Melbourne emerges from coronavirus lockdown though Victoria remains on edge
Victoria’s latest COVID-19 challenge is far from over, despite the end of the Melbourne lockdown and the further easing of regional restrictions.
As the relaxed rules took effect at midnight on Thursday, health authorities were trying to work out how four members of a Melbourne family with no known links to current outbreaks tested positive for the virus.
Victorian health officials had started interviewing a couple late on Thursday after they traveled through NSW to Queensland and tested positive, sparking health alerts in those states.
Also on Thursday, wastewater detections of the virus were reported in the suburban Pascoe Vale, Scoresby, and Vermont areas.
Anyone developing symptoms in those areas is urged to get tested.
And six more public exposure sites were added for Bundoora, Heidelberg, and Thomastown in Melbourne, dating from 28 May to 7 June.
While the easing of restrictions went as planned, Melburnians must continue wearing masks indoors and outdoors.
Initially, masks were no longer compulsory outdoors so long as social distancing was maintained.
Thursday’s four new cases are from the same Reservoir household in Melbourne’s north.
They were a man in his 80s, a woman in her 70s, a man in his 50s, and a man in his 20s.

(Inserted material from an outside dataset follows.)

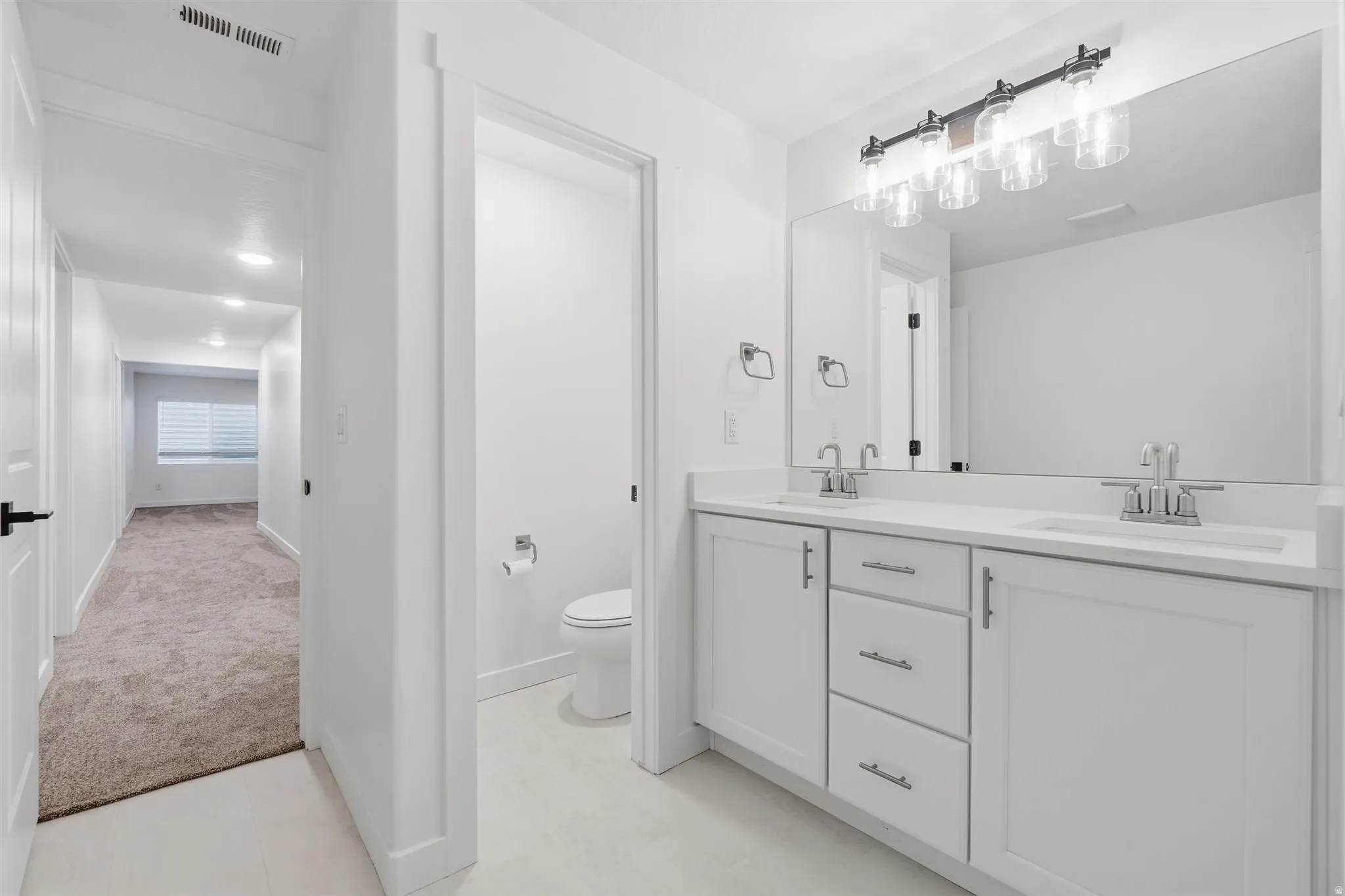 Double vanity with white cabinetry and integrated sinks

One of the family members is on a disability pension, and another is a registered carer for them.
Deputy Chief Health Officer Allen Cheng said the family was not in close contact with previous cases and hadn’t visited any listed exposure sites. However, they live close to the City of Whittlesea outbreak.

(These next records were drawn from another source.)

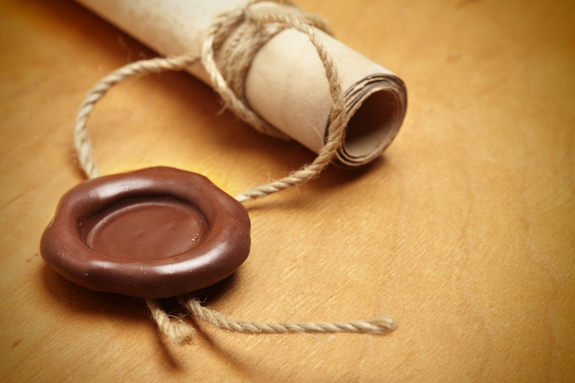 An image of an old document wrapped in a small rope and brow wax seal on a brown table.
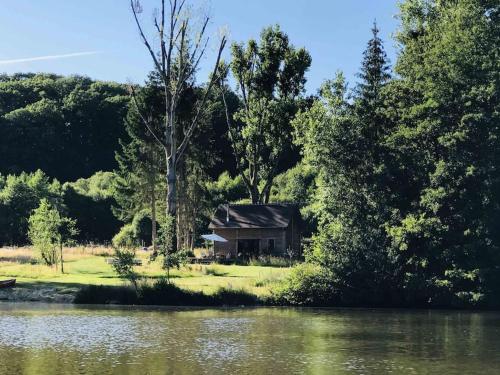 a cabin next to a river with trees at La cabane de l'étang in Feings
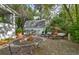 Outdoor patio with lounge chairs, gravel landscaping, fire pit and shed at 2083 W Arbor Ave, Littleton, CO 80120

“These new cases are the strongest reminder that we are by no means out of the woods yet,” Prof Cheng said.
Authorities were also awaiting genomic testing to see if they have the Delta or Kappa strain of the virus.
Their close contacts are self-isolating, and some have already returned negative tests.

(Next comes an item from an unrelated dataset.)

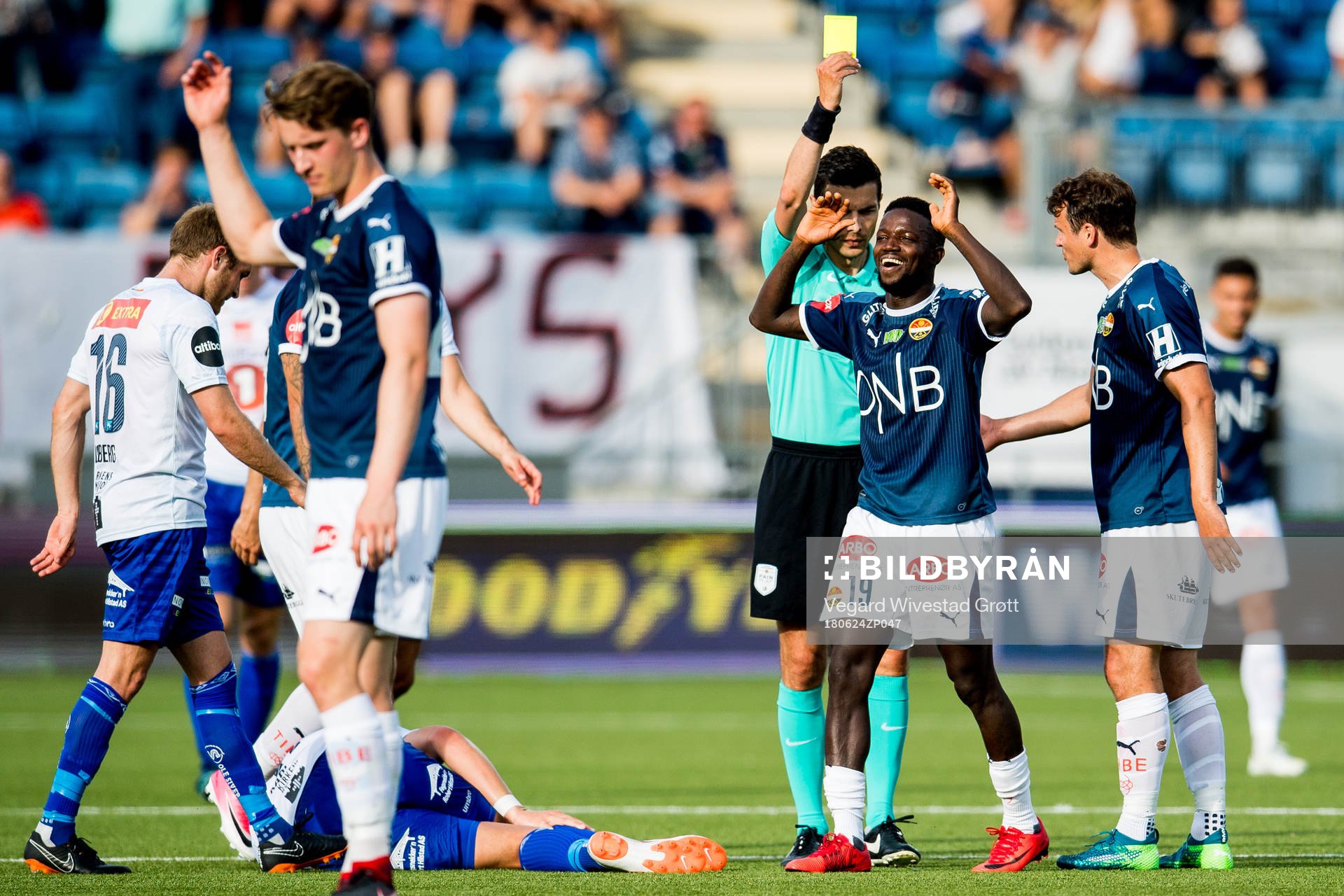 Francisco Júnior of Strømsgodset is shown a yellow card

Meanwhile, the couple who drove to Queensland remains under investigation, and it is unclear how they caught the virus.
The woman left Melbourne with her husband on 1 June, when the city was in lockdown, and tested positive at the end of a road trip through NSW and Queensland.
Her husband has also tested positive, although it appears they are late in their infection period.
For this reason, Queensland’s Chief Health Officer Jeannette Young has expressed optimism that community transmission might be avoided.
“That means the risk of transmission to anyone else is less,” she said Thursday.
It remains unclear whether they infected anyone in NSW or Queensland. Queensland Health has identified 17 close contacts of the couple, but so far, only results for three of them.
They’ve been negative, including the infected woman’s parents, with whom the couple stayed at Caloundra on the Sunshine Coast.
About 400 people in Queensland have been forced into isolation and are getting tested due to the couple’s arrival on Saturday.
They have visited sites in Goondiwindi, Toowoomba, and the southern Sunshine Coast.
Queensland health authorities said the couple did not apply for a travel exemption to enter the state.
There are 78 active cases across the state, down five from Wednesday.